La sola idea de que el Defensor del Pueblo transgreda los límites de una representación alegórica y de reivindicaciones simbólicas, que fueron concebidas como su función, aún espanta a la hegemónica casta oligárquica boliviana, que en octubre vio, por primera vez tan cerca, el rostro de la extinción. La expectativa de una dama "sensible y educada" que haga caridad con los pobres y cuyas acciones socorristas no confabulen contra la política estatal, se vino al suelo luego de que en 1998 Ana María Romero de Campero, emérita periodista paceña, aceptara el nombramiento del Congreso para un cargo que la clase política nacional esperaba se convirtiese en una oficina de quejas y consuelos sin mayor trascendencia política. Pero Romero asumió a conciencia la representación de las demandas populares y buscó participar en soluciones de raíz a problemas como el racismo, la exclusión social y la corrupción en la administración pública, sin quedarse en la mera y pía interposición de reclamos ante las autoridades. Ana María Romero hizo de sus debilidades fortalezas, ganó con su labor cada voto de credibilidad que ese cargo pueda ostentar hoy e hizo valer los reclamos de justicia social en cortes, ministerios y órganos de decisión del estado.
En Bolivia la defensa del interés ciudadano y el ostentar un cargo público estatal, pueden ser dos cosas mutua y peligrosamente excluyentes. Así "Anamar" tuvo que decidir entre honrar el juramento de respaldo al estado y al gobierno, a que le obligaba su nombramiento, y cuestionar de fondo a la legislación boliviana y al estado, labor inevitable si elegía defender el interés del pueblo. Anamar optó por lo segundo.
El Defensor del Pueblo y el gobierno de Goni.
Desde el inicio de la gestión presidencial de Sánchez de Lozada, la Defensora demostró que no iba a dilapidar el prestigio social labrado en una vida de periodismo, dedicándose a levantar actas de las quejas y repartir pañuelos y condolencias.

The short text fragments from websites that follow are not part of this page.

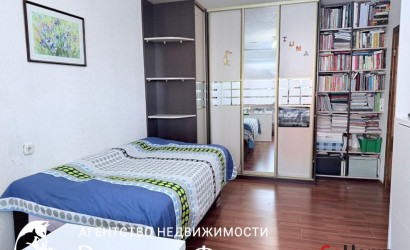 Купить 1-комнатную квартиру, Лесной аг., Н.Н.Александрова ул. 8. Фото 17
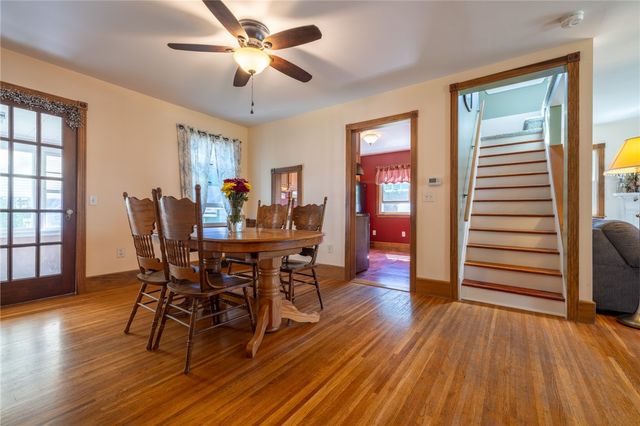 37 Fuller Avenue, Webster, NY 14580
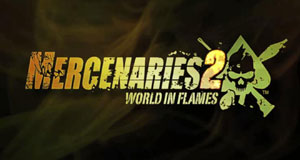 Mercenaries 2: World in Flames for PC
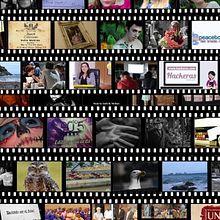 PORTFOLIO. 2D Animation, 3D Animation, Audiovisual Post-production, Filmmaking, Film, Video, TV, Video, and Video Editing project by Sofia Mellino - 03.14.2021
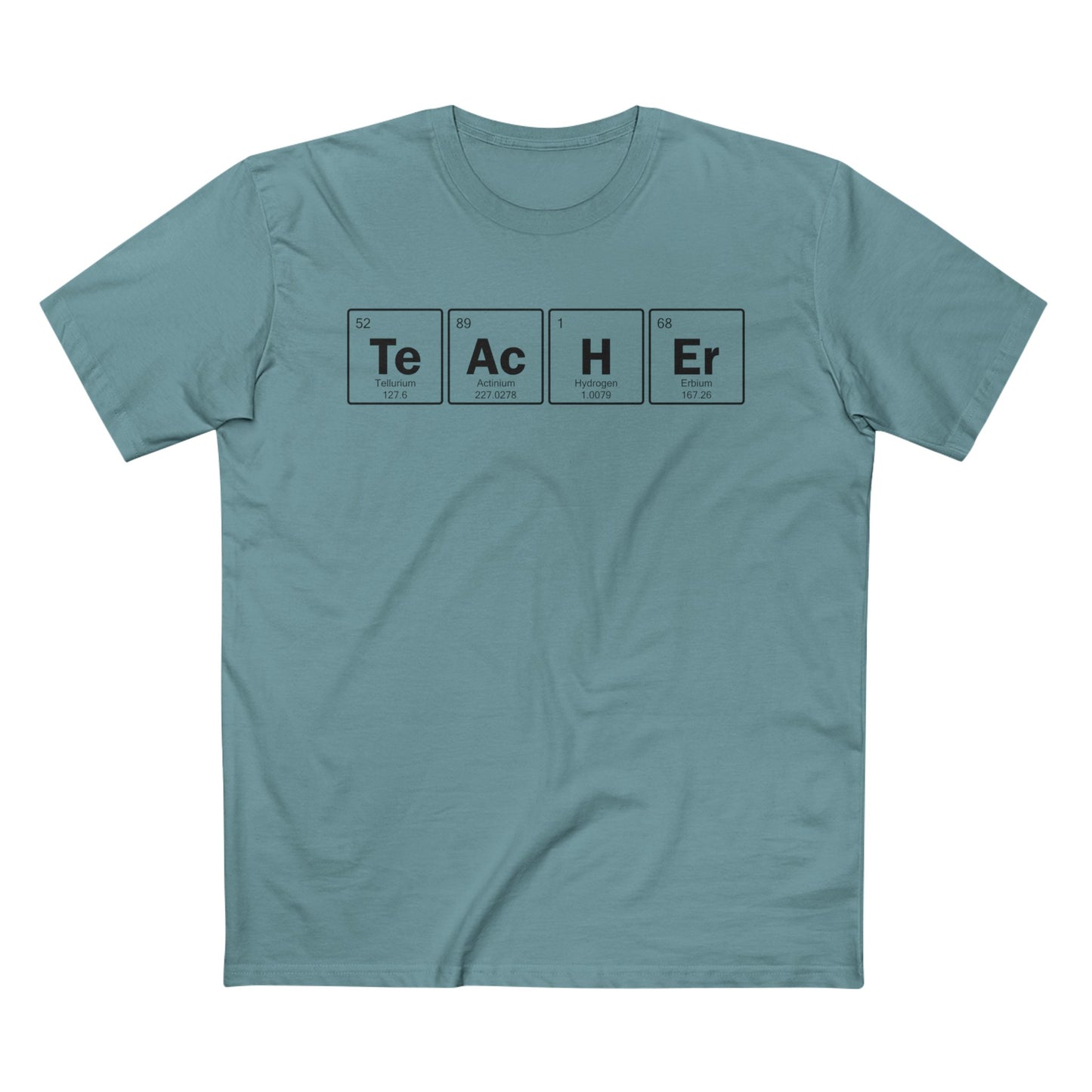 Teacher Men's Tee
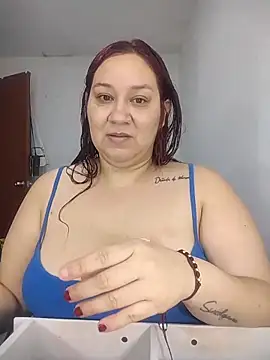 sharon G online show from February 3, 2026, 5:40 pm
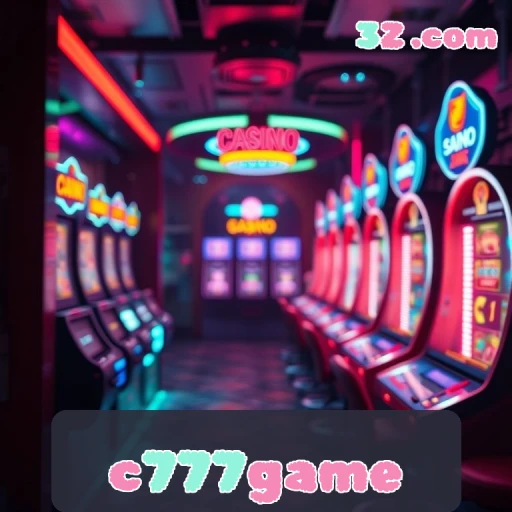 Baixar jogos incríveis no c777game: uma nova aventura!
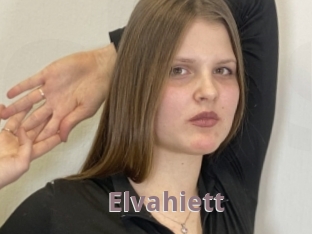 Elvahiett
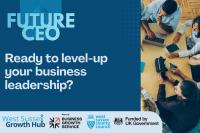 West Sussex business leaders invited to join exclusive Future CEO development programme 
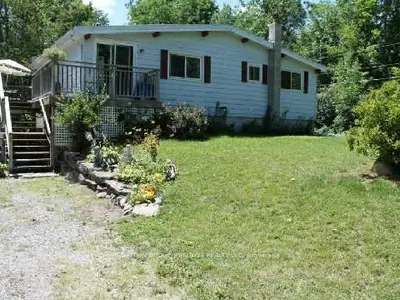 205 Moonline Road, Trent Lakes, On K0m 1a0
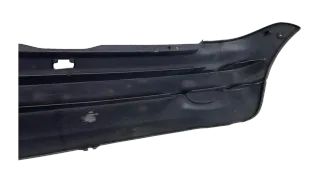 Original Renault Twingo Stoßstange Stoßfänger hinten unlackiert 7700816854 - Bild 7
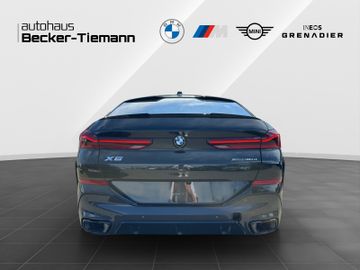 BMW X6 - 5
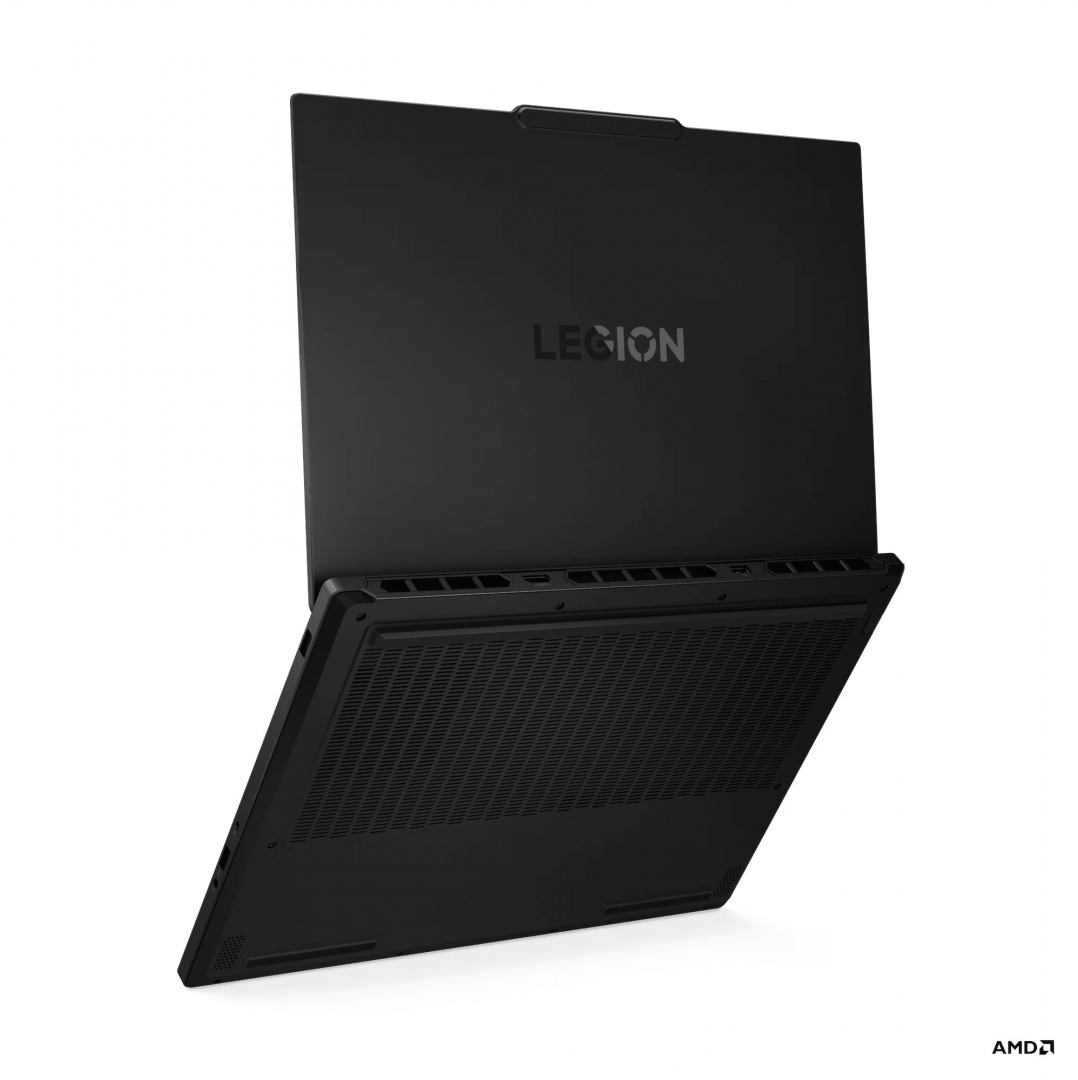 Laptop Gaming Lenovo Legion 5 15AKP10, cu procesor Ryzen AI 7 350, 15.1'' OLED, 24 GB DDR5, 1 TB, NVIDIA GeForce RTX 5070, 8GB GDDR7, Fara OS, 3 ani Garantie - imaginea 7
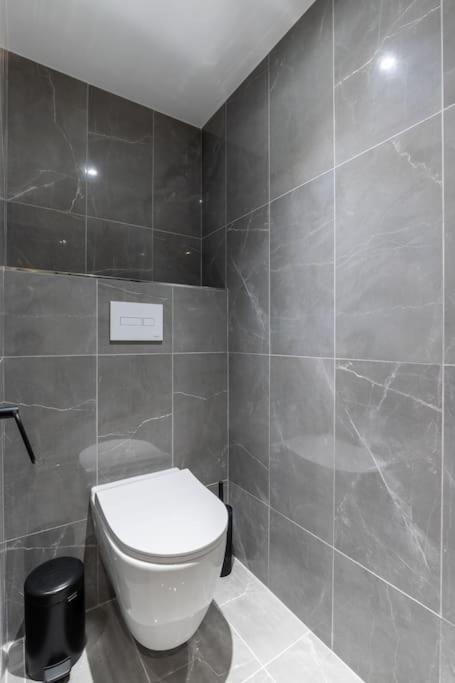 Invalides Palais Bourbon Luxueux Appartement 4P Paris Exterior photo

Tampoco - era evidente - la Defensoría sería un mecanismo para tirar cabezas de pequeños funcionarios y hacer escarnio de los operadores eventuales de la corrupción política en Bolivia; todo lo contrario, la Defensoría del Pueblo se involucró en la demanda de soluciones estructurales a problemas como la exclusión social, la discriminación racial, la corrupción administrativa y la segregación política de que eran víctimas históricas las capas suburbanas empobrecidas y los amplios sectores de la población boliviana de origen indio.
El empresariado minero en el gobierno, de extracción elitesca y de condición social privilegiada, no podía permitir la acción abiertamente crítica de las políticas gubernamentales que llevaba adelante una Defensoría del Pueblo de la que lo máximo que había esperado Banzer era un "amortiguador" del descontento social que le permitiera "ganar tiempo" hasta concluir su gestión presidencial. Así, haciendo uso de los mismos tecnicismos legales en que pretenden fundamentar hoy el nombramiento de la menos oportuna de las candidatas a Defensor del Pueblo, el Parlamento, aún en manos de las elites nacionales, decidió contra la expresa voluntad ciudadana elegir a un emenerrista sin mérito alguno para que supliera a Ana María Romero.
La confabulación parlamentaria manchó de indignidad a los partidos que componían la alianza política que le permitió gobernar a Goni. Los días posteriores a la amañada destitución, demostrarían hasta dónde los argumentos "técnicos" y "constitucionales" en que se justificaban los perpetradores parlamentarios, fueron una excusa para nombrar a un Defensor del Pueblo que nunca dijo nada de las muertes, las masacres, la censura o la represión, aunque su nombramiento empezó a correr días antes del Octubre Rojo.
En un momento de ruptura política y económica en el país y ante el silencio cómplice del pagote que la suplió en el cargo de Defensor del Pueblo, Anamar mostró abierto compromiso con la voluntad ciudadana y labró también la mística de la que este cargo goza y gozará mientras no lo vuelva a ocupar alguien, cuyo origen de clase o cuya proximidad ideológica al poder, le haga velar antes por las minorías acomodadas que por las mayorías excluidas.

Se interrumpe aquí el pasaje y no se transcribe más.